Pedestrian Trajectory Prediction Based on Social Interactions Learning With Random Weights
Jiajia Xie, Sheng Zhang, Beihao Xia, Zhu Xiao, Hongbo Jiang, Siwang Zhou, Zheng Qin, Hongyang Chen
TL;DR
Pedestrian trajectory prediction in crowded scenes is challenged by implicit social interactions that are not well captured by fixed edge weights. We propose DTGAN, which extends GANs to graph sequence data with random edge weights to automatically learn interactions and produce multi-modal future trajectories; the Generator uses SPE, GAT with random weights, a Temporal Convolutional Network, and CNN-based decoding, while the Discriminator uses SPE-LSTM-FC for realism scoring. We explore multiple task losses (MSE, Gaussian NLL, Uniform likelihood) in conjunction with the WGAN objective to balance realism and diversity, and demonstrate state-of-the-art ADE/FDE and AMD/AMV on ETH/UCY datasets, with DTGAN-G achieving best distributional metrics. DTGAN also shows robustness to random weight initializations and benefits from ablations that highlight the value of graph-based attention and temporal modeling, suggesting practical impact for safer autonomous navigation in dynamic environments.
Abstract
Pedestrian trajectory prediction is a critical technology in the evolution of self-driving cars toward complete artificial intelligence. Over recent years, focusing on the trajectories of pedestrians to model their social interactions has surged with great interest in more accurate trajectory predictions. However, existing methods for modeling pedestrian social interactions rely on pre-defined rules, struggling to capture non-explicit social interactions. In this work, we propose a novel framework named DTGAN, which extends the application of Generative Adversarial Networks (GANs) to graph sequence data, with the primary objective of automatically capturing implicit social interactions and achieving precise predictions of pedestrian trajectory. DTGAN innovatively incorporates random weights within each graph to eliminate the need for pre-defined interaction rules.

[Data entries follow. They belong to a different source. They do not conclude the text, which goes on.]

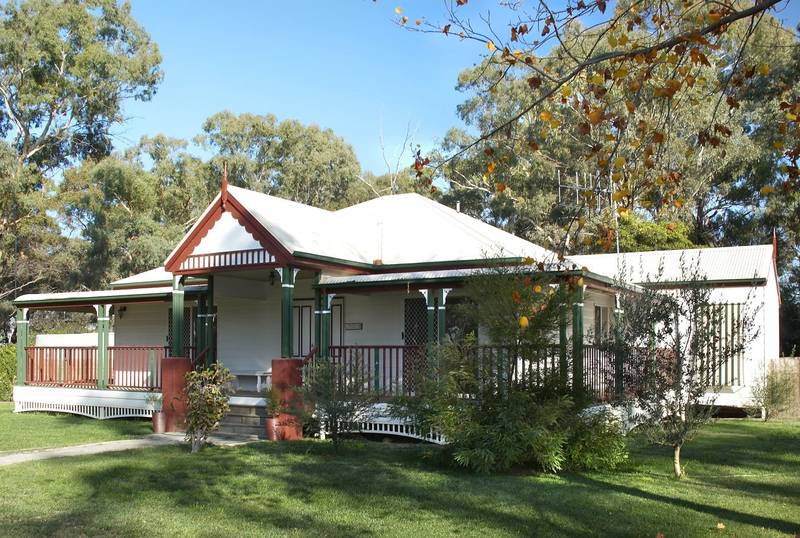 Postcard Type Property Picture 1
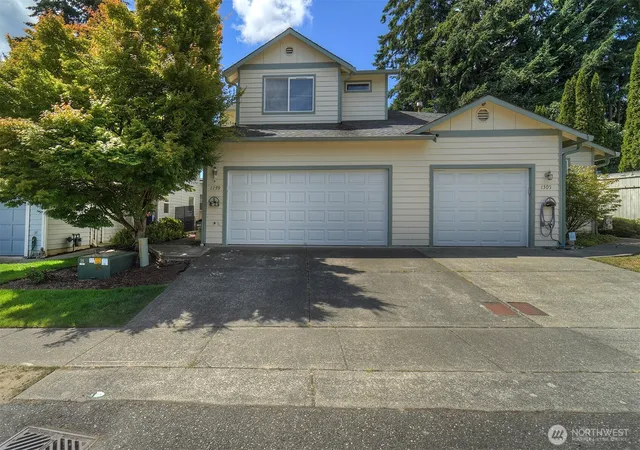 Photo 2 of Townhouse for sale at 1299 Nw Amanda Loop, Silverdale, WA 98383 | MLS# NWM2560585 | Listing updated on 2026-09-23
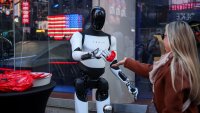 Проблемът на Tesla с AI е противоположен на този при Big Tech &ndash; недостатъчно разходи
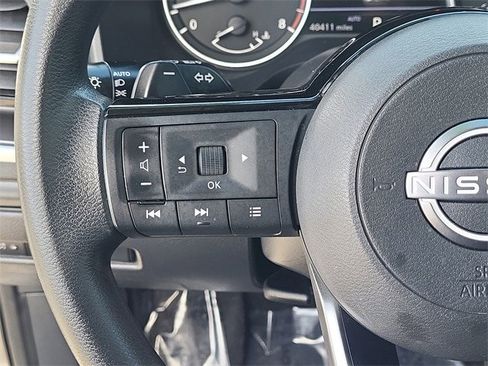 Used 2022 Nissan Rogue SV image 12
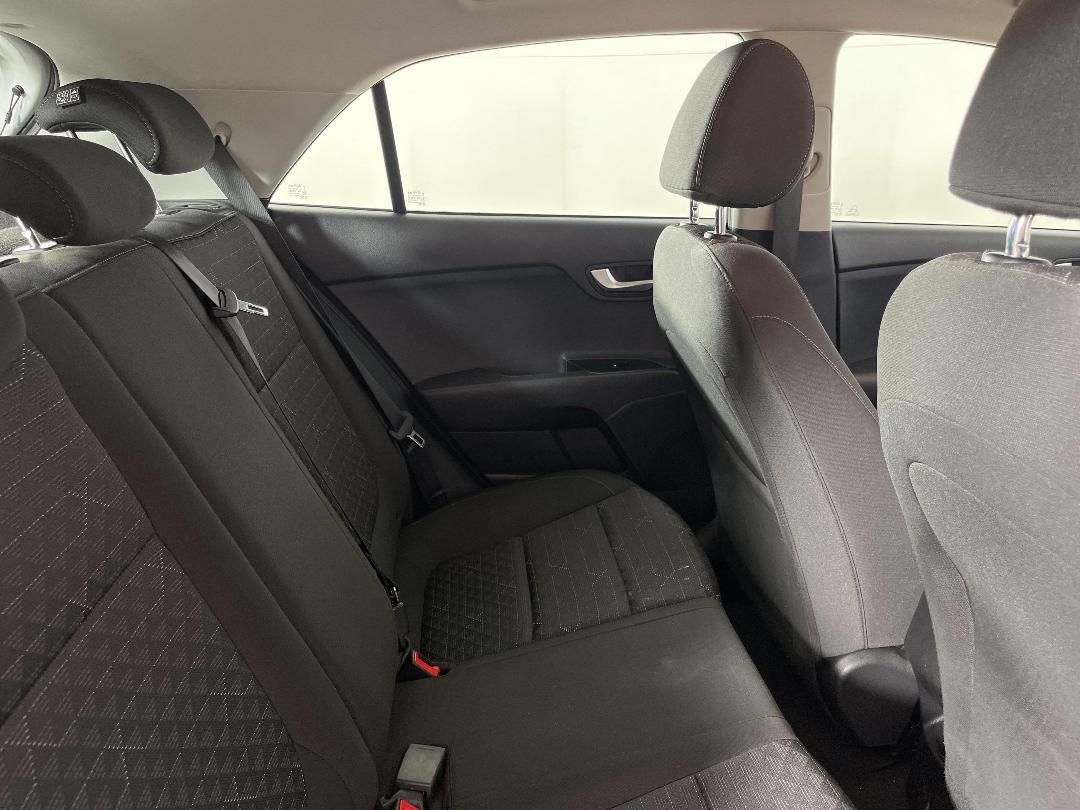 Photo '20' of KIA RIO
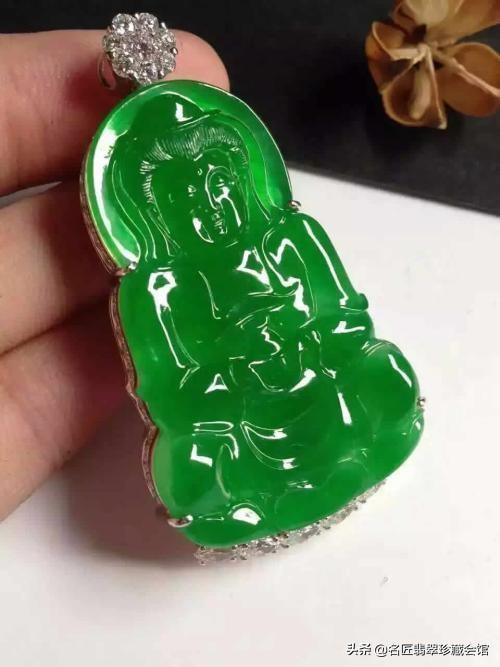 爱翡翠知识点爱翡翠的女人-第5张图片-翡翠网 爱翡翠知识点爱翡翠的女人-第5张图片-翡翠网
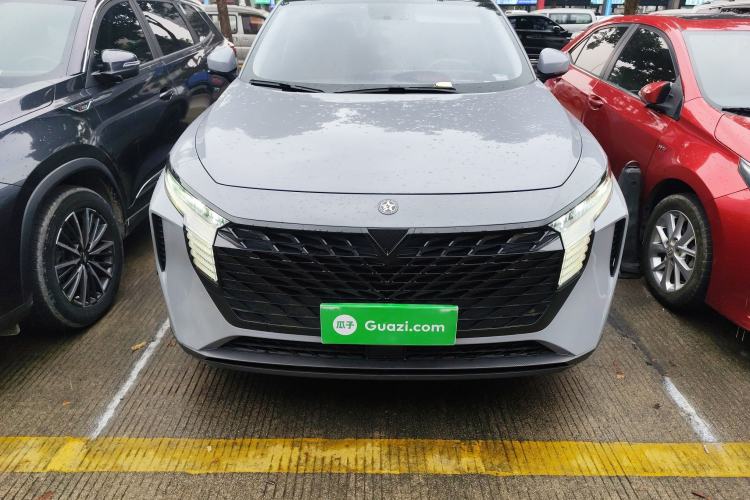 Used Venucia V 2021 260T Idol Edition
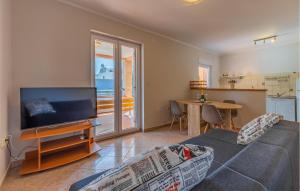 Gorgeous Home In Liznjan With Kitchen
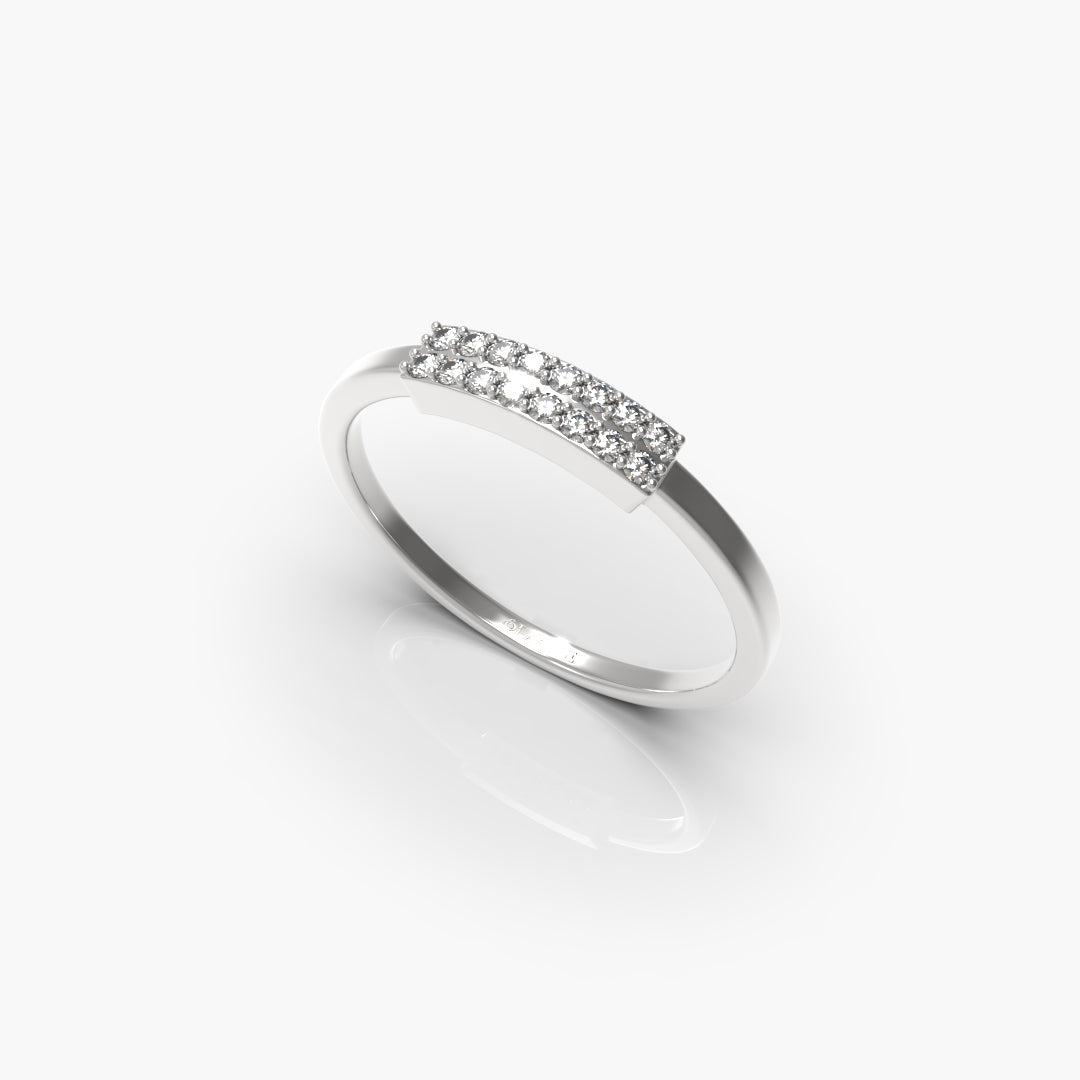 Elegant Gold and Diamond Ring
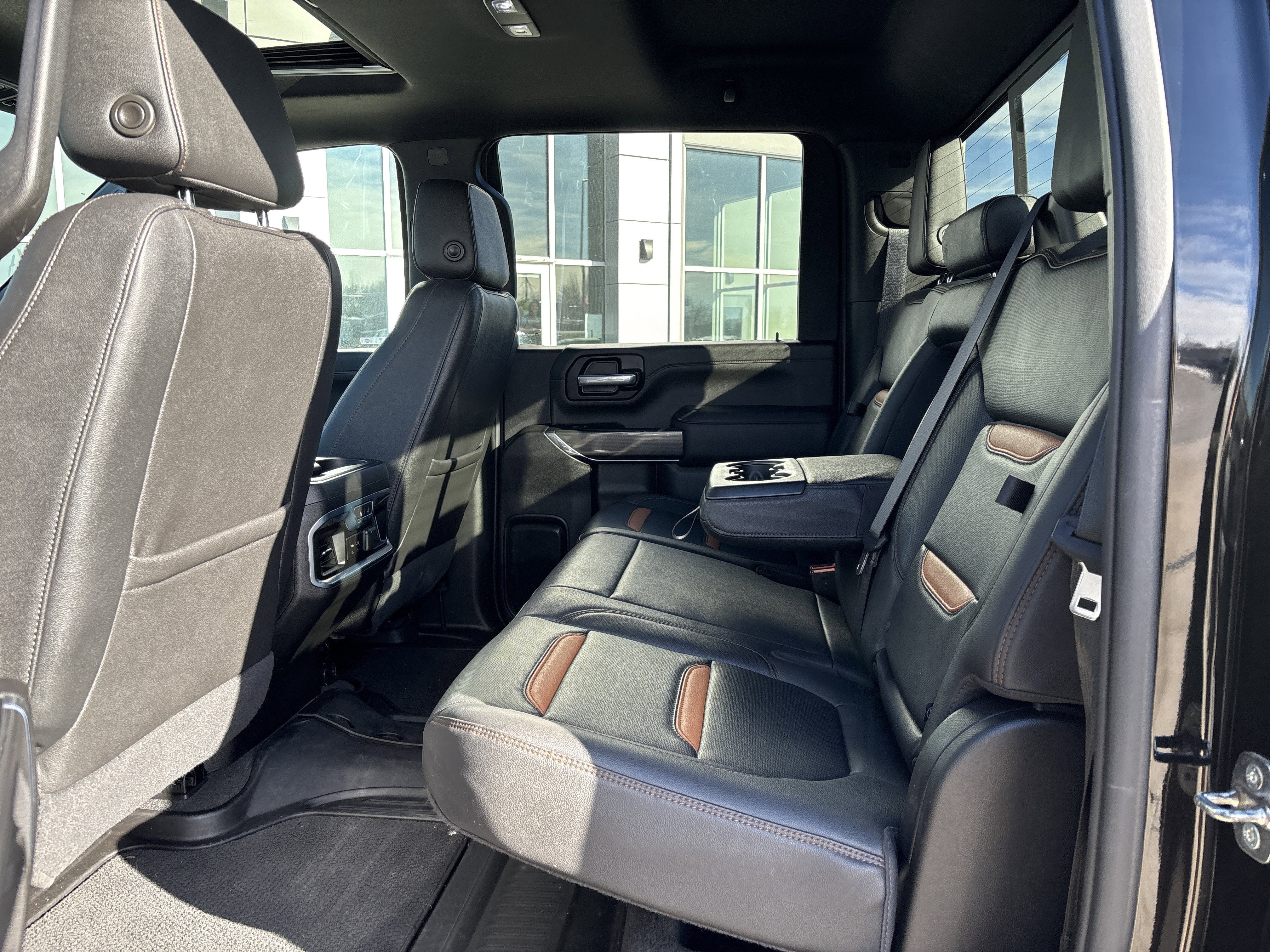 2022 GMC Sierra 2500HD 4WD Crew Cab Standard Bed AT4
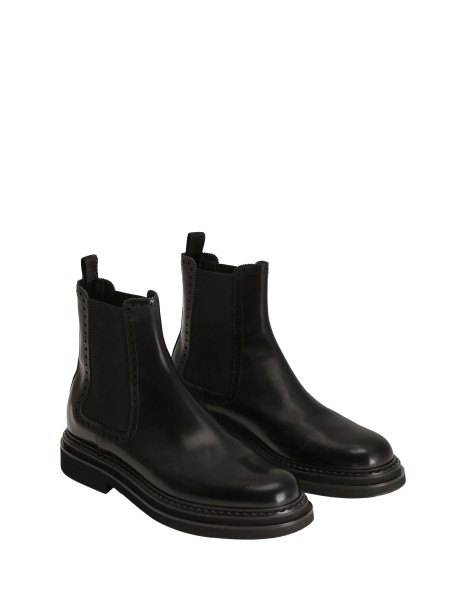 Black calfskin ankle boot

We further enhance the performance of DTGAN by exploring diverse task loss functions during adversarial training, which yields improvements of 16.7\% and 39.3\% on metrics ADE and FDE, respectively. The effectiveness and accuracy of our framework are verified on two public datasets. The experimental results show that our proposed DTGAN achieves superior performance and is well able to understand pedestrians' intentions.